Segment Start: GIVEN RECORDS
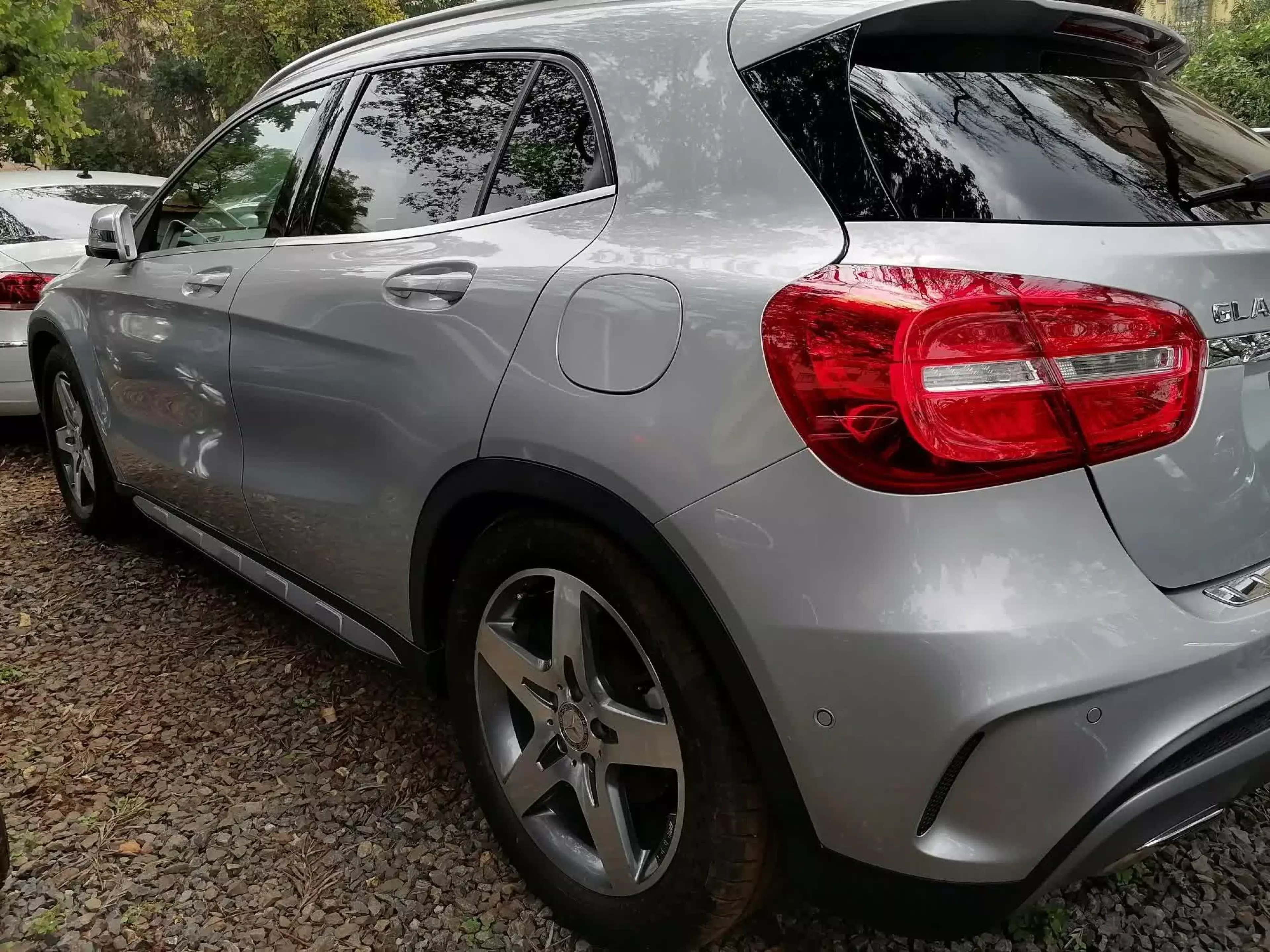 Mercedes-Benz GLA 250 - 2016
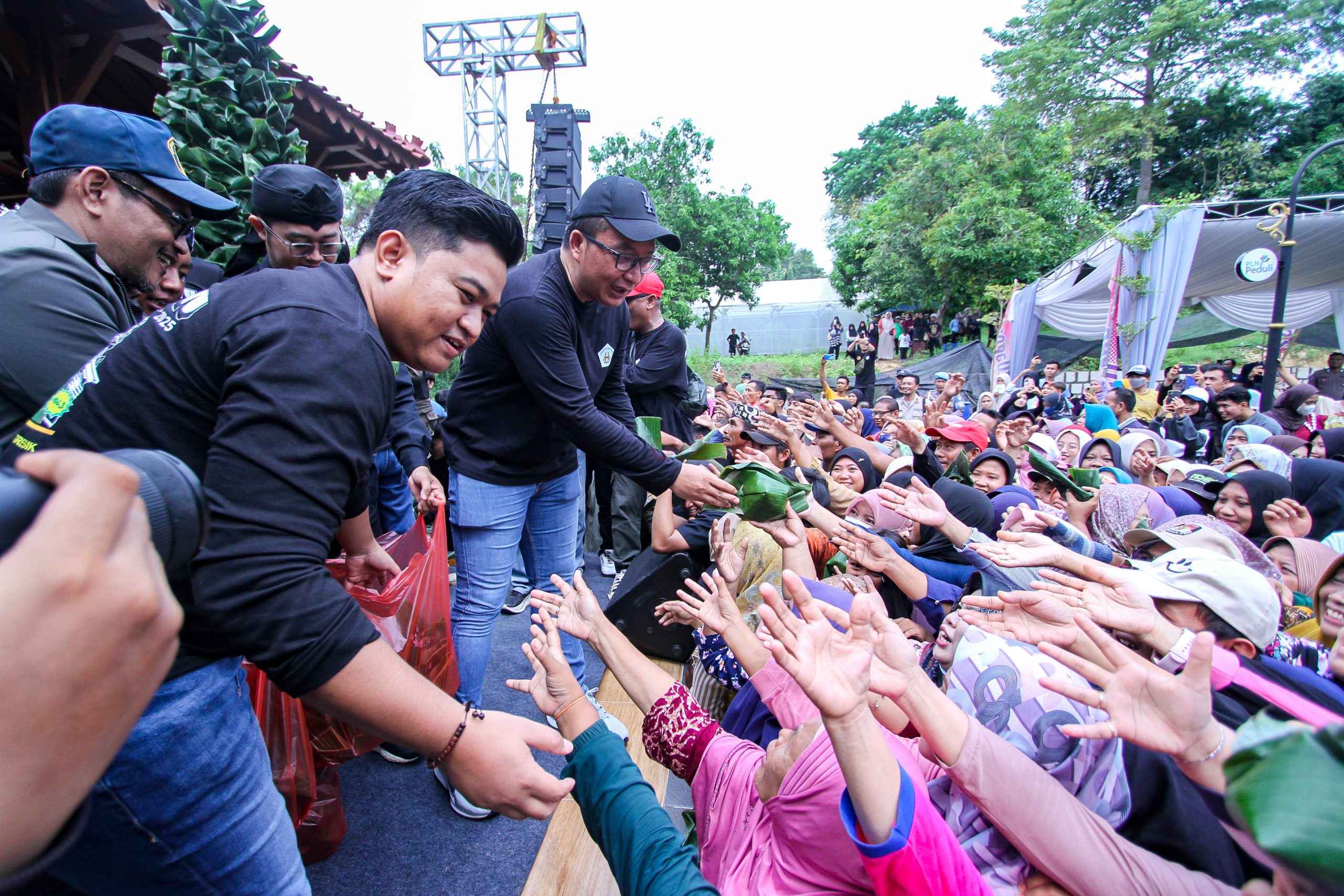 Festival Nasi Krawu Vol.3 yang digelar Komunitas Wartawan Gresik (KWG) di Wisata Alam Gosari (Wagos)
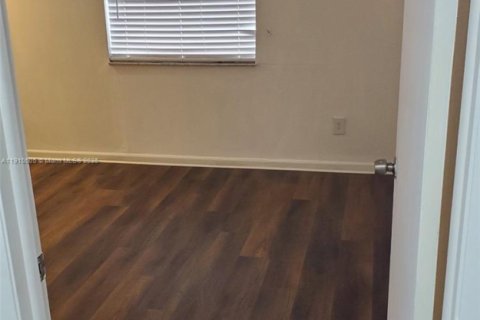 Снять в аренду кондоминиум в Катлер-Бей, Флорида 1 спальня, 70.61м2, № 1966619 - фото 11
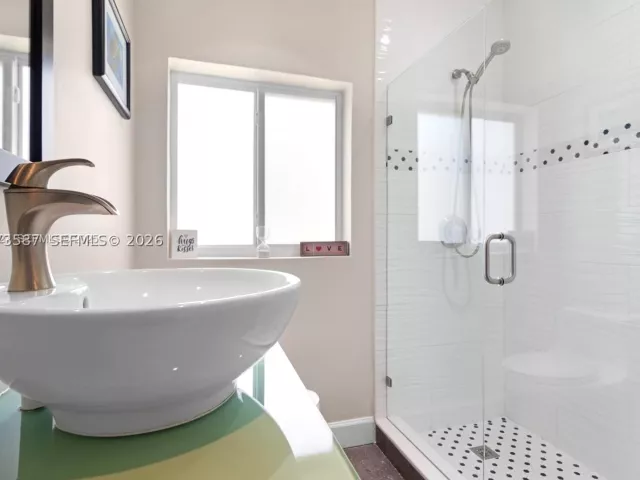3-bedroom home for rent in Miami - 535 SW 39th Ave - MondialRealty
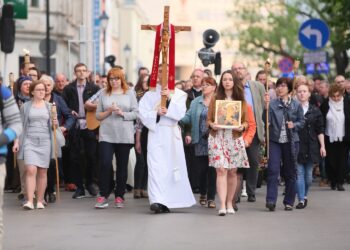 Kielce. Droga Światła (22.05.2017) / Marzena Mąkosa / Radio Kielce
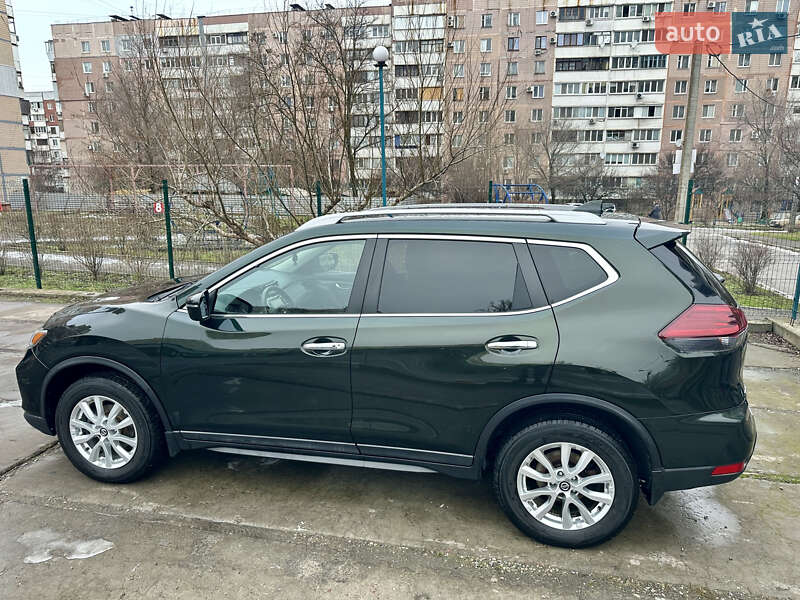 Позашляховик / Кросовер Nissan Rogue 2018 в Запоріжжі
Segment End: GIVEN RECORDS
Segment Start: GIVEN RECORDS
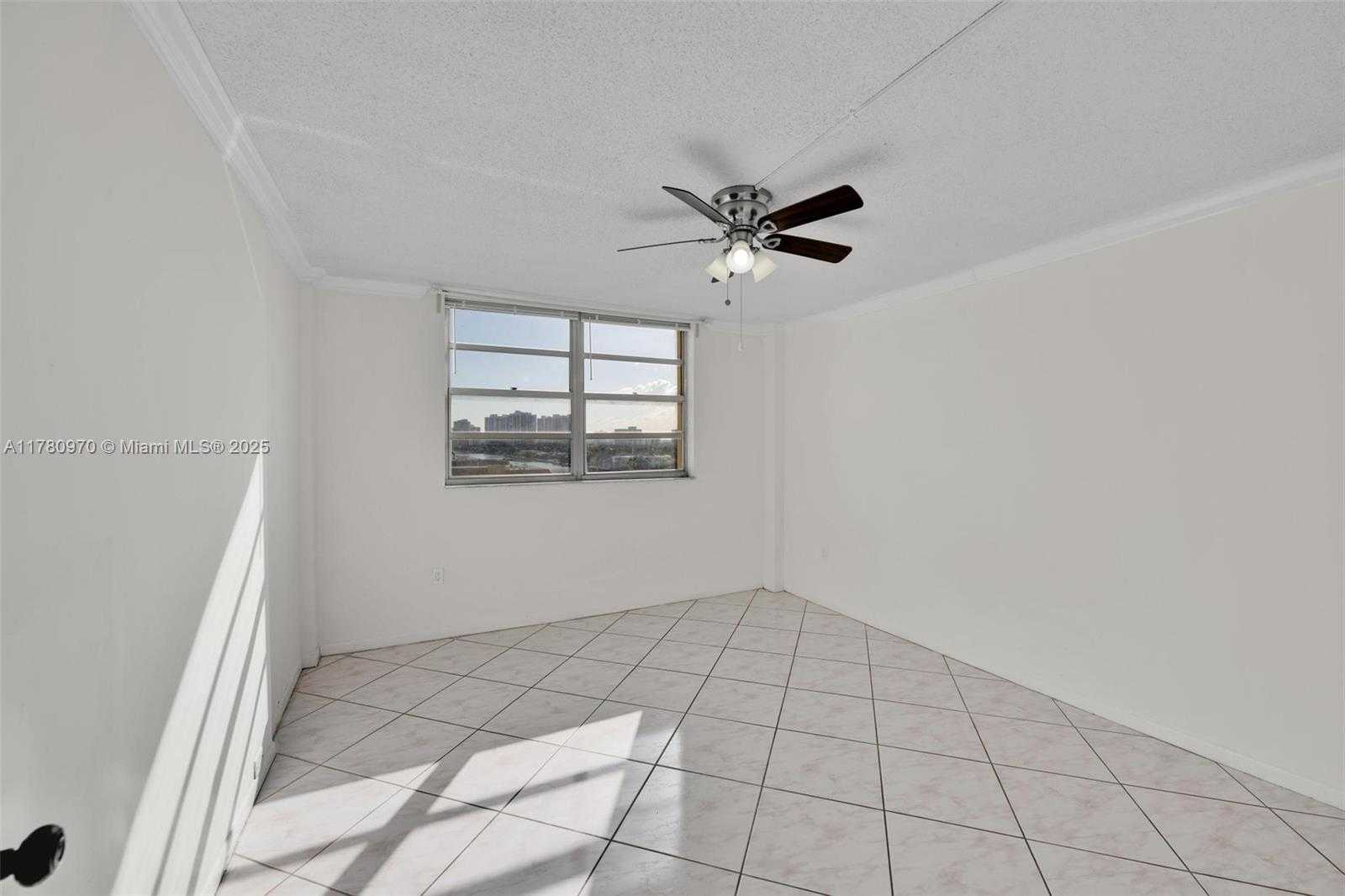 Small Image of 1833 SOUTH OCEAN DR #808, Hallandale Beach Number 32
Segment End: GIVEN RECORDS
Segment Start: GIVEN RECORDS
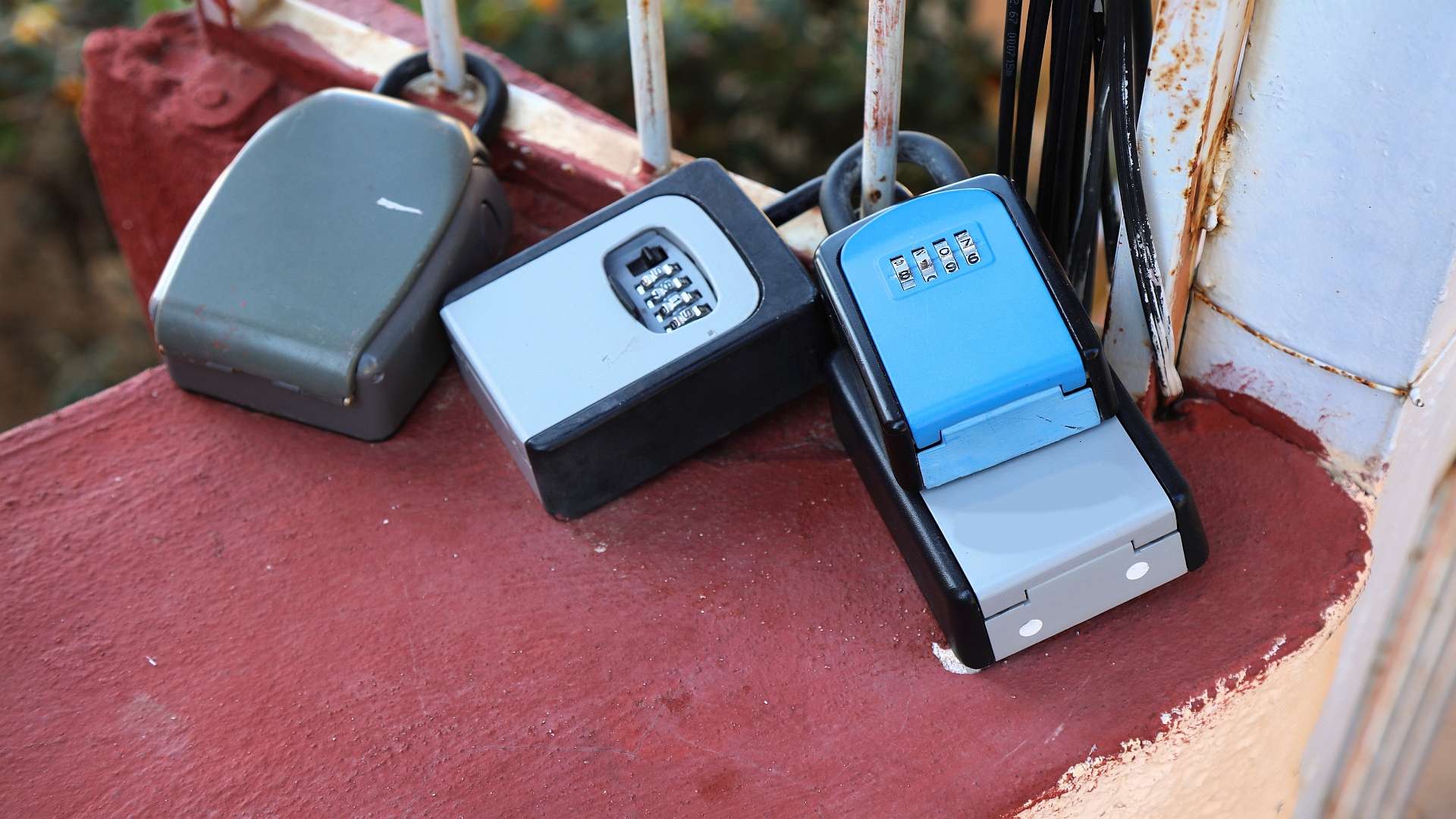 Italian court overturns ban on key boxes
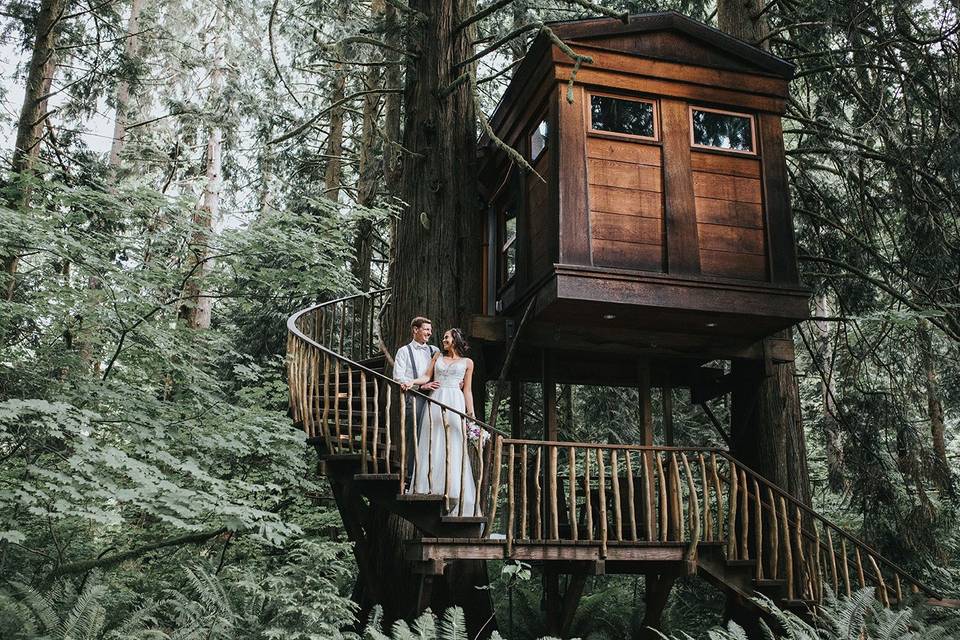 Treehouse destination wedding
Segment End: GIVEN RECORDS
Only the lines of the listing above from the one with "Italian court overturns ban on key boxes" through the one with "Treehouse destination wedding" should be output, exactly, with both ends kept and pictures left out.

 Italian court overturns ban on key boxes
 Treehouse destination wedding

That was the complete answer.